While all eyes are on Sajid Javid and his backing for the lifting of coronavirus restrictions, equally important will be whose candidacy the new Health Secretary backs to replace Sir Simon Stevens as Chief Executive of NHS England. Given the “general problem of parochialism” in Whitehall, as Dominic Cummings put it, Mr Javid should appoint a CEO who knows about health systems which actually work.
NHS waiting lists, having already reached four million in 2019, are now five million and rising. So whoever Javid picks for what has been described as “the fourth most powerful job in the UK” will have to drive radical reform to deal with a system suffering structural failure. If Javid is interested in a transformed service which looks globally for ideas, he should consider Mark Britnell. A potential frontrunner for the top job, Britnell is one of the UK’s leading healthcare experts and his book In Search of the Perfect Health System gives a fascinating insight into what the NHS could learn from health services around the world.
Amongst Britnell’s panoply of winning systems, it is often Britain’s former colonies who provide healthcare that is not only higher quality than that of the NHS, but more financially sustainable too. In the ultimate case of “the Empire strikes back”, Qatar and Singapore are demonstrating what a modernised NHS might achieve.
Both states have been ranked amongst the top five healthcare systems in the world. Qatar’s has delivered improved life expectancy (the highest in the Eastern Mediterranean Region) and globally it ranks in the top 25 percentile for healthcare access and quality.
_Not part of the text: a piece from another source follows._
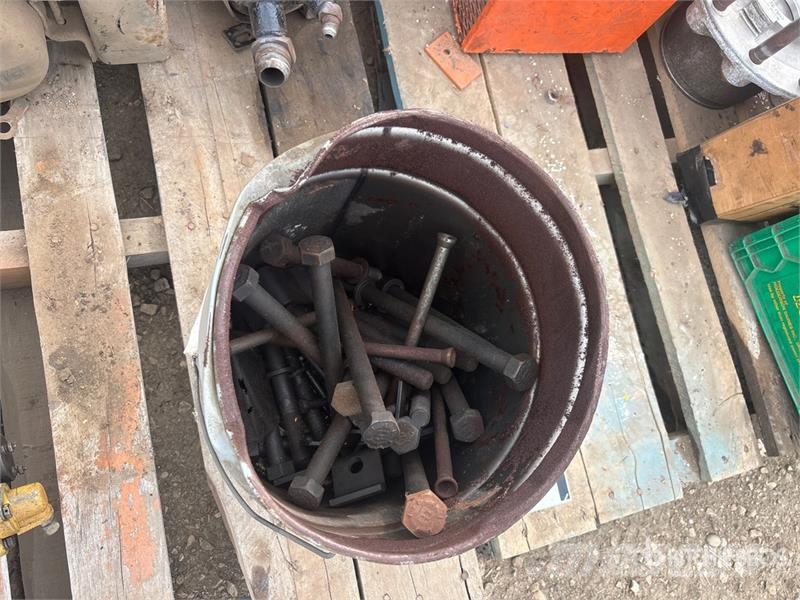 Quantity of (3) Pallets of Miscellaneous Parts Transportes - Outros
Meanwhile, Singapore’s “health care miracle” has seen it become the only country on earth that is simultaneously in the top five for infant mortality, life expectancy and maternal mortality.
A former protectorate of the UK and granted independence in 1971, Qatar initially began developing its healthcare service using the British model. Its royal family took the proceeds of oil revenues and began ploughing them into the country’s social services.
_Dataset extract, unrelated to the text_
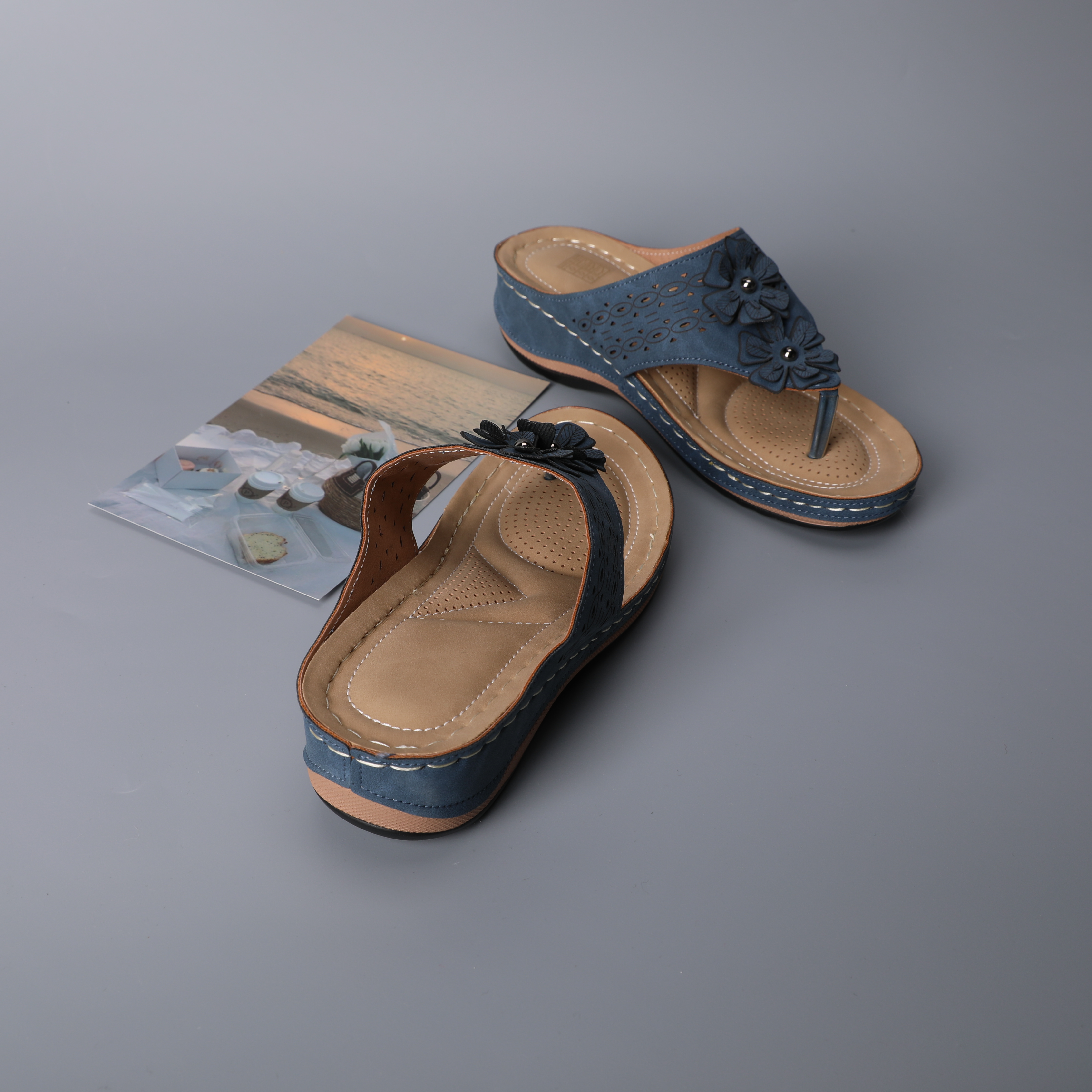 D01- Women's Wedge Sandals: Summer women's waterproof thick bottom flip flops, comfortable casual wear, women's wedding wedge sandals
Mirroring Labour Chancellor Denis Healey, who in the 1970s was forced to make cuts of 10 per cent to the NHS budget after a deterioration in the public finances, Qatar’s state-led funding strategy ran into similar problems in the mid-1980s, as a downturn in oil revenue led to sharp reductions in the health budget and cuts of 10 per cent in clinical staff.
So far, so NHS. But unlike the UK, Qatar learnt the lesson about the dangers of the state remaining the primary funder of healthcare. They changed their approach. When rising costs and increased pressure on the health budget emerged again in the late 1990s, the Qatari government acted proactively to seek global best practice.
Unlike our 1940s healthcare time warp, Qatar combined continued government investment in its health services with a long-term programme of reform. It began a gradual shift towards financing its healthcare through a modern, Swiss-style, universal system of individually purchased and employer-provided health insurance, starting the rollout with its vast number of expats.
In both countries, you can see a recognition that a thriving and competitive healthcare market, combined with people taking some responsibility for the cost of both their health and social care, delivers the best outcomes over the long term, without spiralling prices.
Singapore’s “Medisave” health savings accounts are a great example of this. They set aside between 7 and 9.5 per cent of a worker’s wages to ensure that routine care is paid for “out of pocket” rather than just through insurance premiums. They have helped to keep bills more affordable by encouraging patients to act as savvy consumers in search of value.
Such sound principles have ensured that Singapore and Qatar can afford their systems over the long term, and that patients (and taxpayers) get the best “bang for their buck”. Qatar has the highest per capita healthcare spending in the Middle East, but does so efficiently with 2.4 per cent of GDP, while Singapore gets even better value at 2.1 per cent. Compare this with the UK’s public healthcare spend of a whopping 10.2 per cent of GDP. As Ronald Reagan once said, “it would seem that someplace there must be some overhead”.
Another key factor in their success has been in making sure that healthcare provision is independently provided and free from political interference. Even Singapore’s wholly government-owned healthcare facilities, which provide subsidised care, operate as private limited companies to compete with the private sector on service and quality – so effectively that the standard of service is often perceived as indistinguishable between the two.
Likewise, Qatar’s public health provision is divided between primary care, run by the Primary Health Care Corporation (PHCC) and secondary/tertiary care provided by the Hamad Medical Corporation (HMC), which also operates the country’s national ambulance and home healthcare services.
These not-for-profit organisations are operationally independent. Their hospital chief executives are empowered to take responsibility and make decisions about people and resources at the local level, unburdened by UK-style national collective pay bargaining. Individual hospital Medical Directors are held responsible for clinical quality and clinical governance in their hospitals, thereby avoiding the kind of habitual buck-passing that can lead to needless deaths, as we saw with NHS Stafford Hospital.
If these two disparate former colonies can learn from our mistakes and develop healthcare systems that are among the best in the world, surely Britain can follow their lead. Romanticism and undeserved pride in our failing system won’t help the millions of NHS patients waiting for care. What matters is what works.